◆ **How to complete this task**: Everything from the line with "a bedroom with" down to the line with "Homem sorridente, de" below must be printed exactly, those two lines included. Exclude pictures.
** Provided data follows **
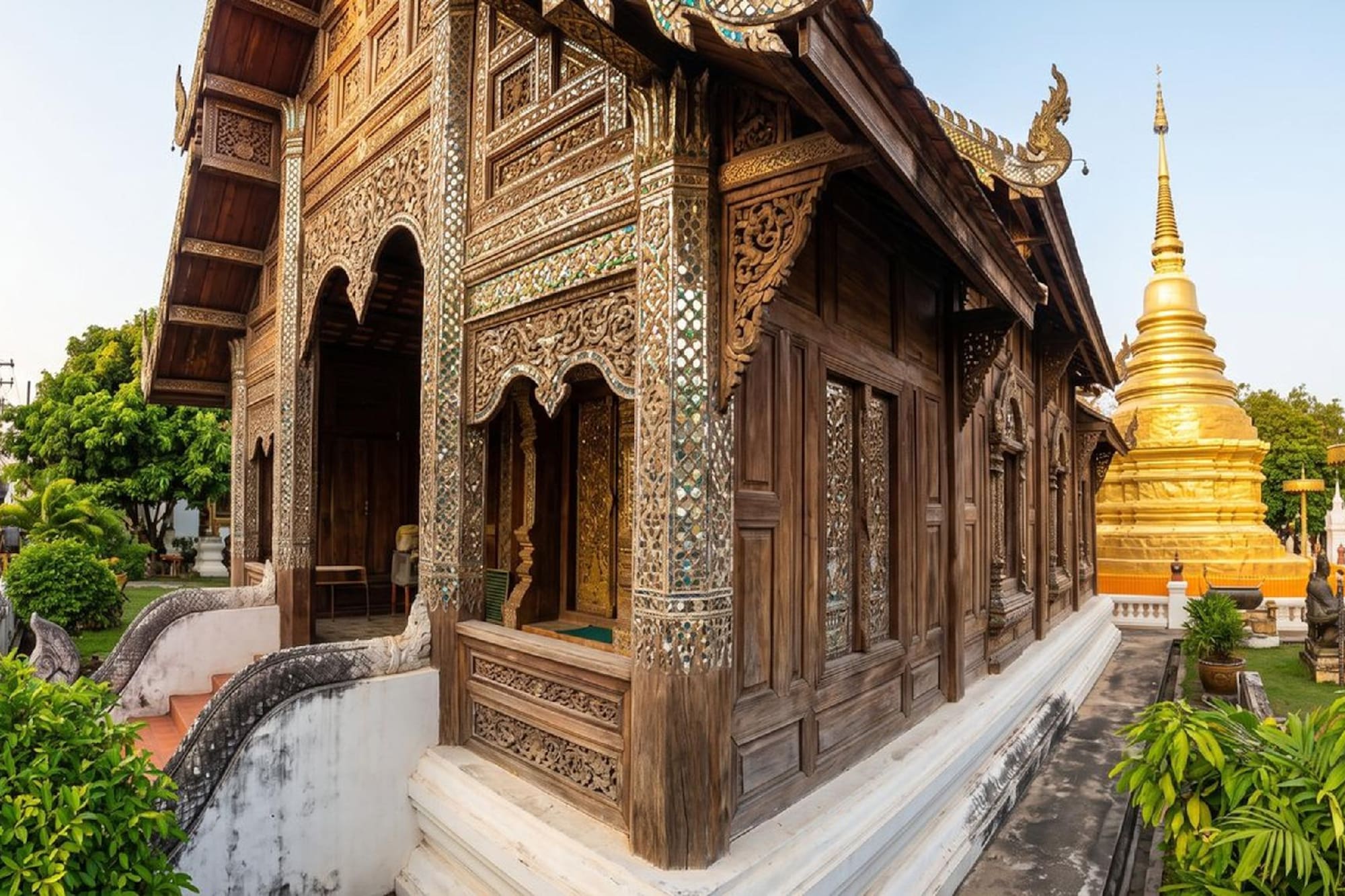 Ornate wooden Thai temple with intricate carvings and golden stupa.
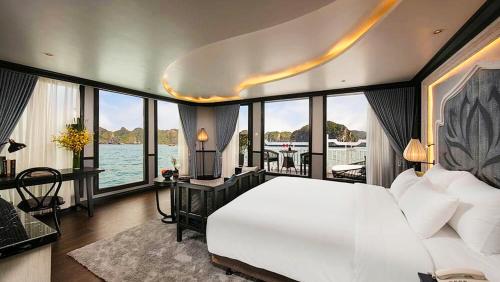 a bedroom with a large white bed with a view of the water at Lotus Elegance Cruise in Ha Long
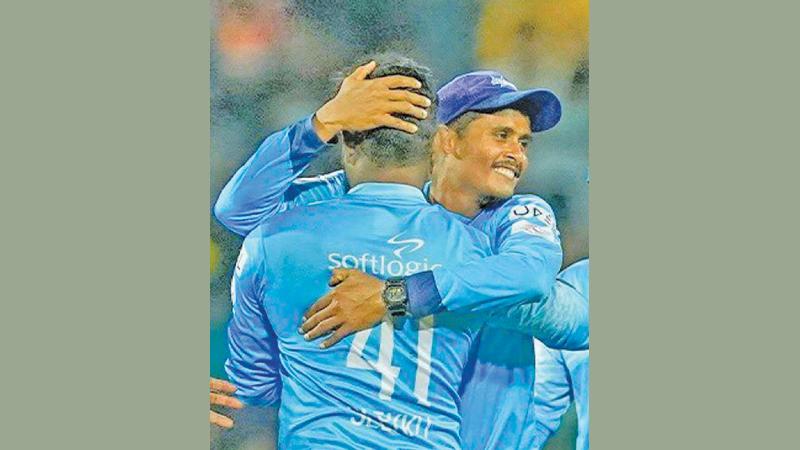 Colombo Stars bowler Jeffrey Vandersay (right) hugs a team-mate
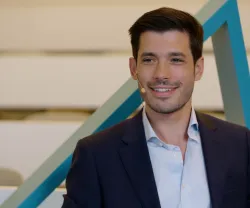 Homem sorridente, de fato, com um microfone, num espaço moderno.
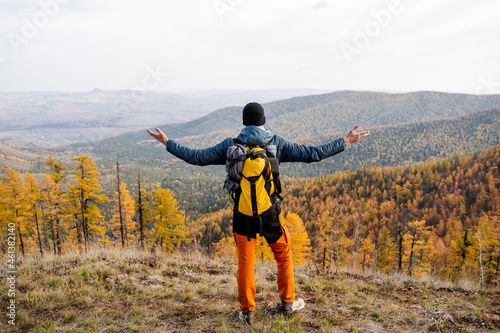 A man stands on a rock with his arms outstretpped and contemplates a magnificent view from the top of the autumn forest. Travel to the mountains, bright clothes, climbing, panoramic view.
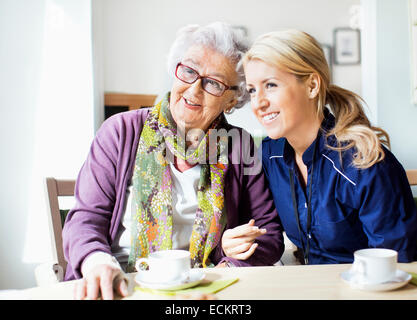 Glücklich weibliche Hausmeister und senior Frau wegsehen sitzend am Tisch im Pflegeheim Stockfoto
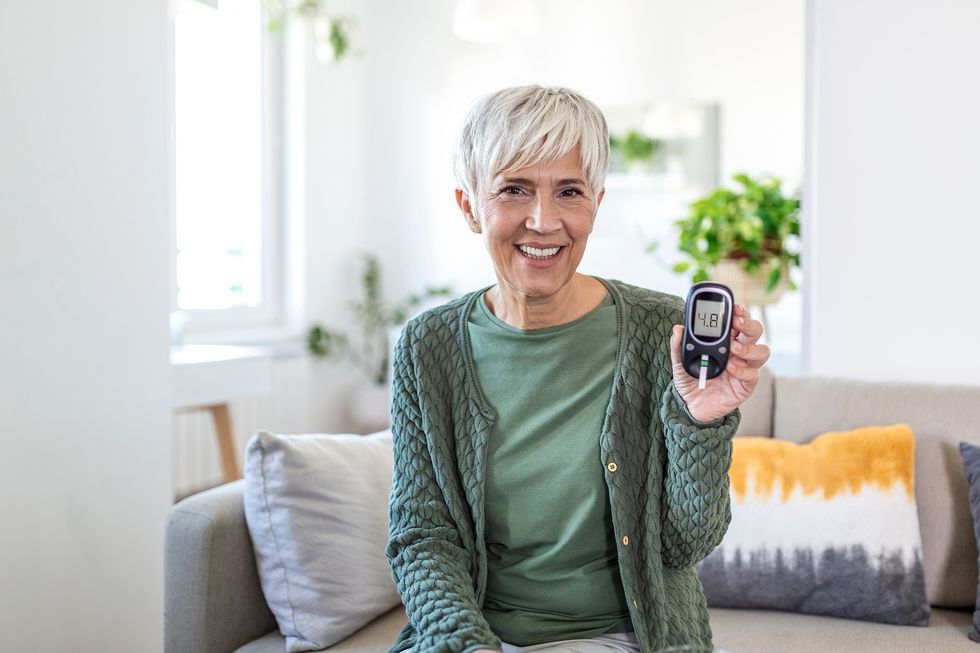 An older woman performing an at-home blood sugar test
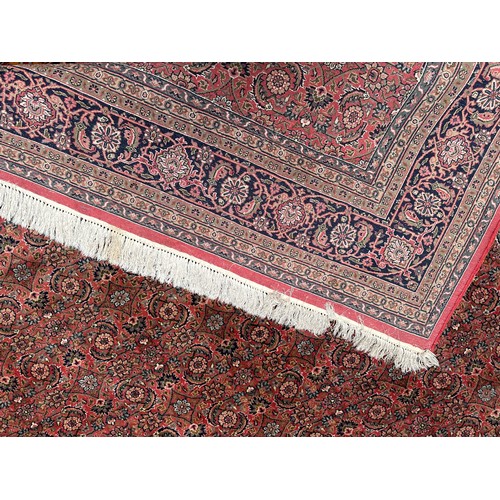 406 - A large rouge ground hand-knotted Persian carpet, worked with a dense field of stylised polychrome f...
** End of Provided data **
◆ **Output for this exercise**:
 a bedroom with a large white bed with a view of the water at Lotus Elegance Cruise in Ha Long
 Colombo Stars bowler Jeffrey Vandersay (right) hugs a team-mate
 Homem sorridente, de fato, com um microfone, num espaço moderno.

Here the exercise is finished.